Tuesday, September 18, 2012

Agile User Group Recap: Dealing With Technical Stories on the Backlog

At September's Nashville Agile User Group meeting we had a discussion about how to deal with technical user stories on the backlog. There was a great deal of conversation with many good points from multiple approaches.

First we talked about what we meant by a "technical user story". We referred to stories having to do with technical activities that did not deliver any new value to the end user. Some that were brought up were things like "upgrading servers or other supporting applications", "refactoring a module to be easier to maintain", etc.

It was brought up that even though the story may not add value to the end user, it usually could be shown to have a tangible value to the company as a whole. An example was if we have a module that requires our operations folks to go onsite and manually perform some task on the servers, but we could rewrite this to be managed remotely, that could be quantified by how much time (i.e. money) we would save for the operations folks.

In that same vein it we lamented that technical people often do not communicate the value well to the Product Owner and other stakeholders so these items are left off or always pushed out (sometimes permanently). Technical user stories need to be written so that their value is clearly outlined.

At this point I mentioned that I had seen several instances online of very well respected Agile thought leaders saying never to put technical stories on the backlog. one such instance was recently on the Scrum Development Yahoo group where Ron Jeffries said:
"We do not, repeat DO NOT, put code improvement "stories" in the Product Backlog."
Well that seems fairly clear, right? However if you read his entire post he directly follows the line above with:
"The main reason for this is that we cannot state the value of the improvement in any terms that the Product Owner can understand, and therefore the Product Owner can never schedule the stories. P.S. We don't know the value either." 
So it seemed like we were on the right track when we were talking about making sure the technical story had a demonstrable value. He goes on to say:
"If we do put code improvement stories in the backlog, we can't count the work against our Product Burndown or other progress measurements."
So it does seem that he is okay with technical stories as long as you don't count the work. This lead us down the trail of not adding the story points for technical stories to the team's velocity for a sprint. It was pointed out that Pivotal Tracker identifies these types of stories as "chores" and their points are not included in any sprint's velocity.

That sparked the debate over velocity being a metric of the team's productivity or a measure of value added each sprint.
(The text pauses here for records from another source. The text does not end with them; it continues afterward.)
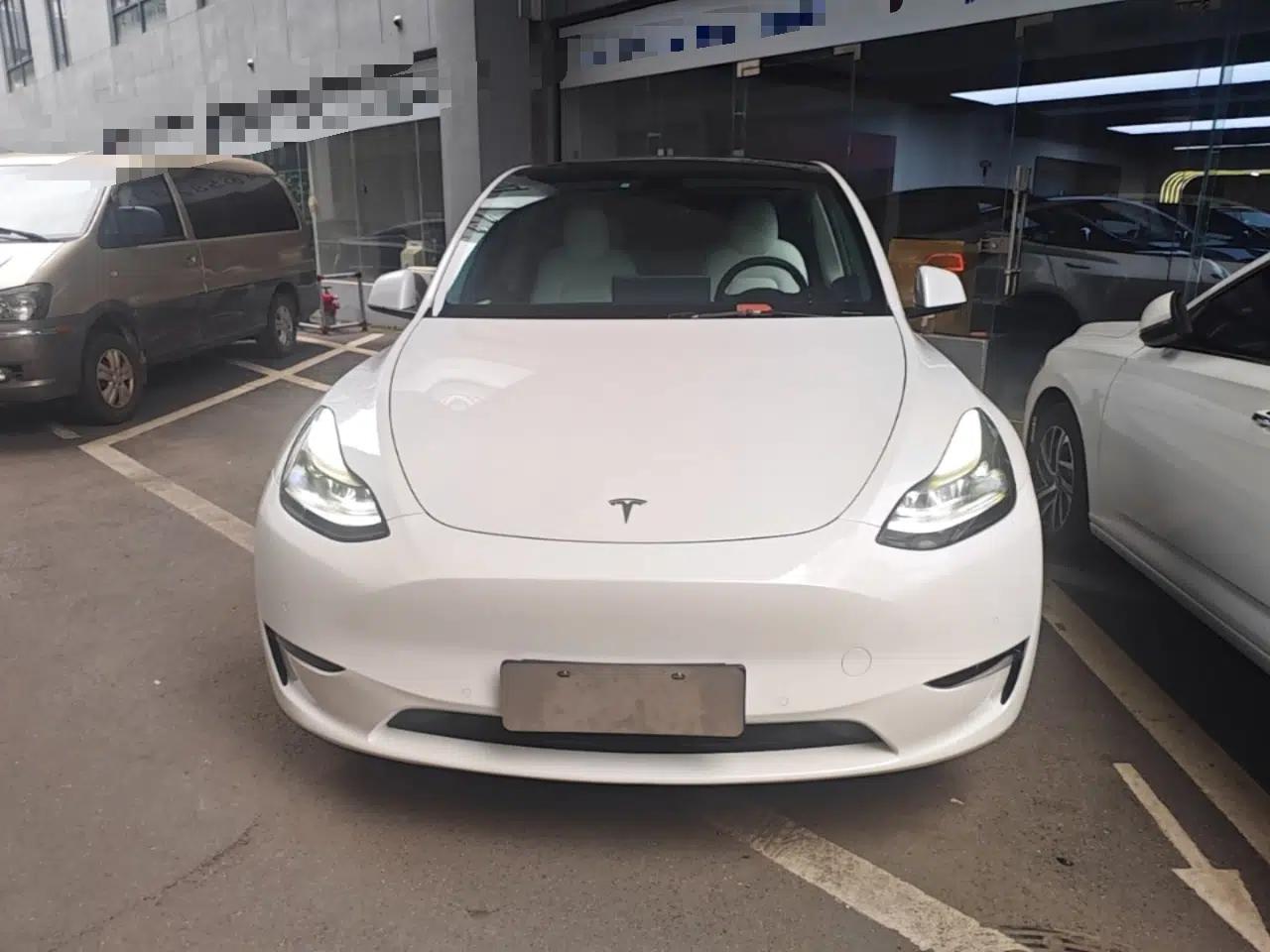 Tesla Model Y 2022 Long-Range All-Wheel-Drive Version — миниатюра 2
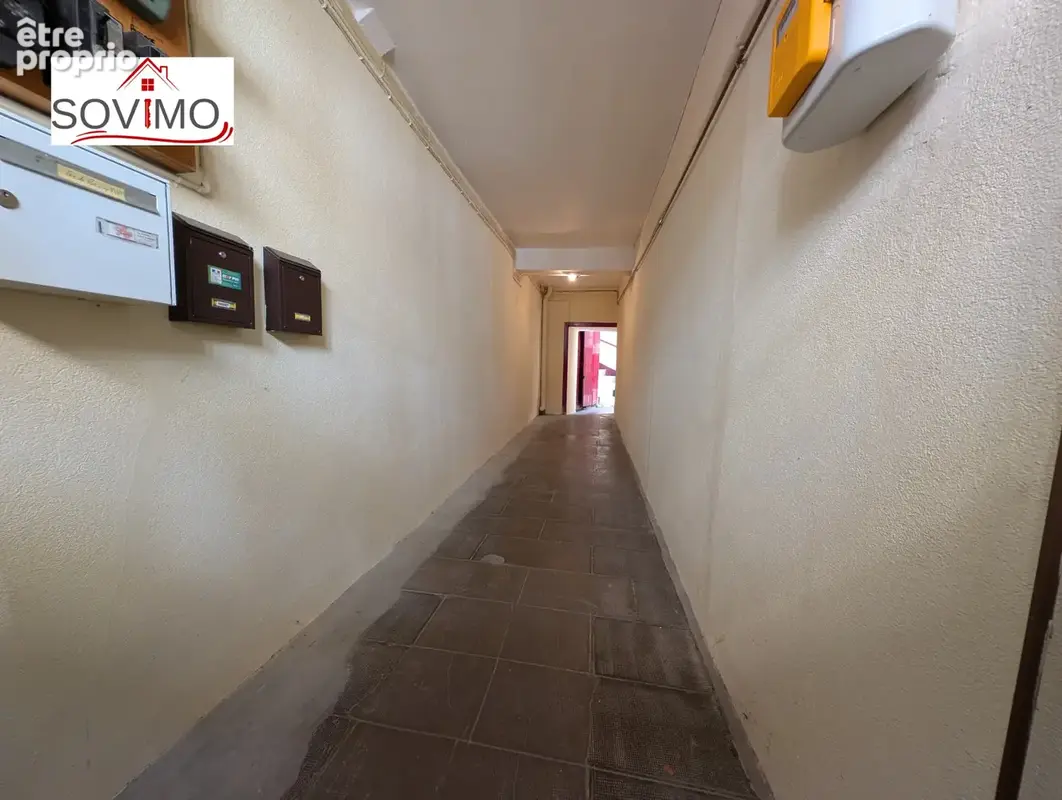Immeuble a investissement locatif : 2 appts + 1 local commercial - photo 8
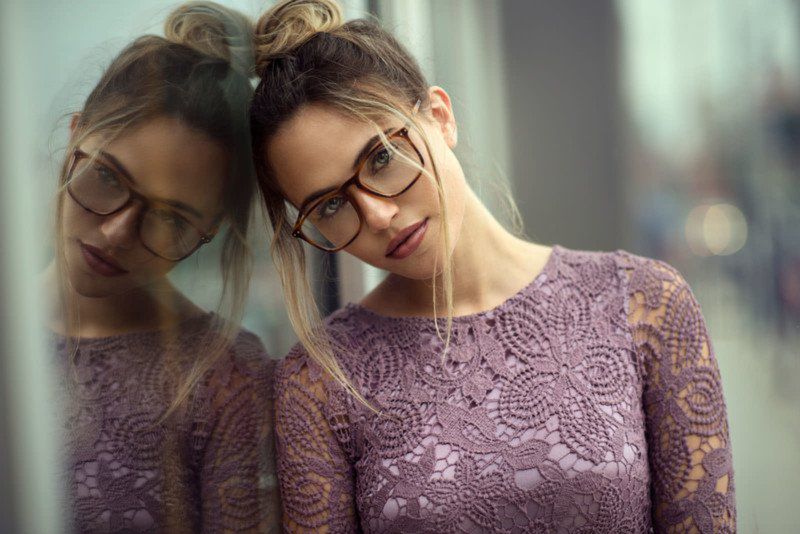 Czterech świetnych fotografów z Nowego Jorku robiło zdjęcia jednej modelce. Jesteście ciekawi jak im poszło? 7
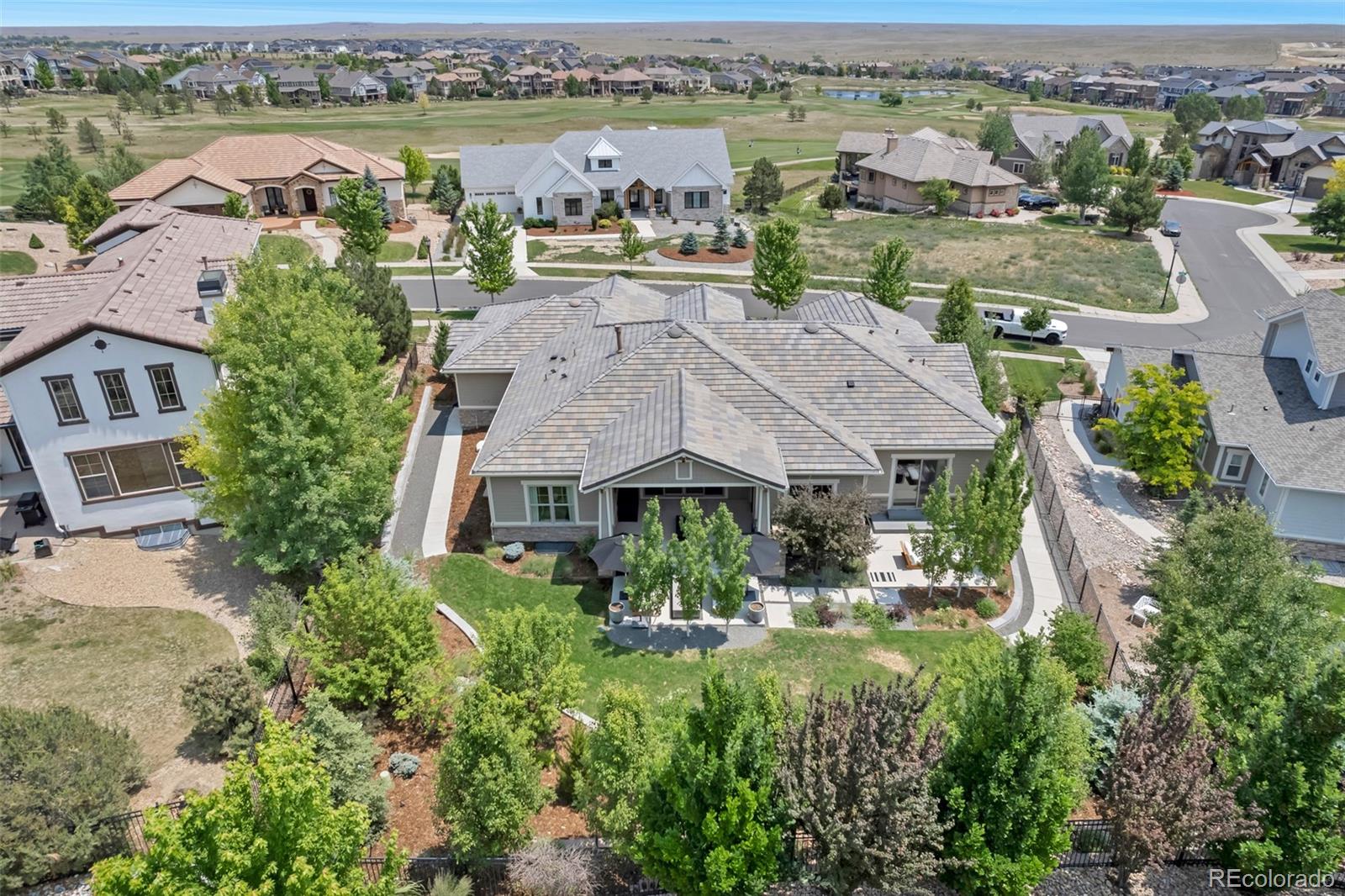 27041 E Long Cir, Aurora, CO 80016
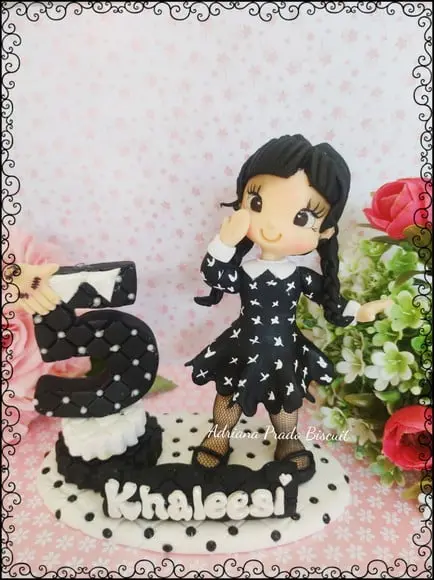 Topo de Bolo Personalizado em Biscuit Wandinha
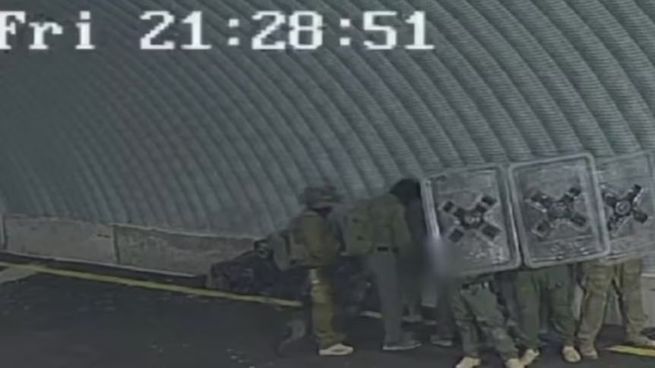 Un fuerte video se difundió días atrás, en las que se ve a las fuerzas israelíes torturando a un palestino. El archivo sería anterior a agosto de 2024.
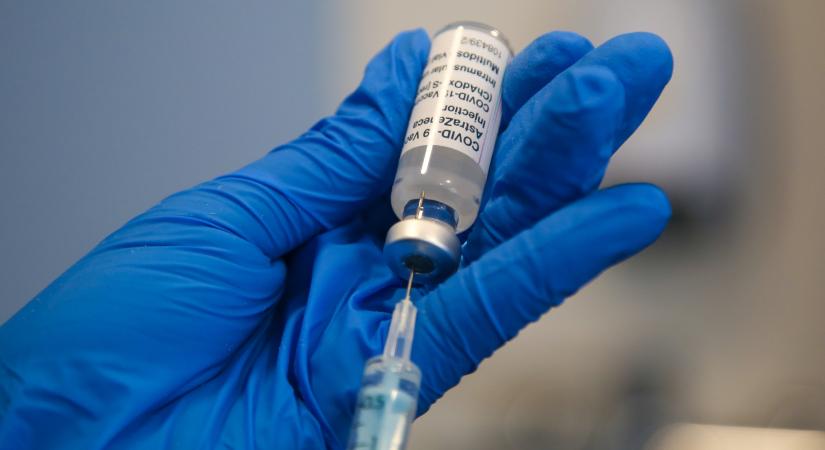 Kapilláris szivárgást okozhat az AstraZeneca vakcinája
As it turns out you can find that the Pivotal Tracker folks had the very same discussion about this years ago.

I had just been talking to one of the other members about release planning right before the meeting so I added my two cents in that I prefer to not only estimate technical stories like these, but I do include them in the team's velocity because I was a metric that is a good reflection of what the team can do in the sprint to make a release plan. (I blogged about the way I like to create release plans here.) In that case I very much want to use velocity as a measure of what the team can produce.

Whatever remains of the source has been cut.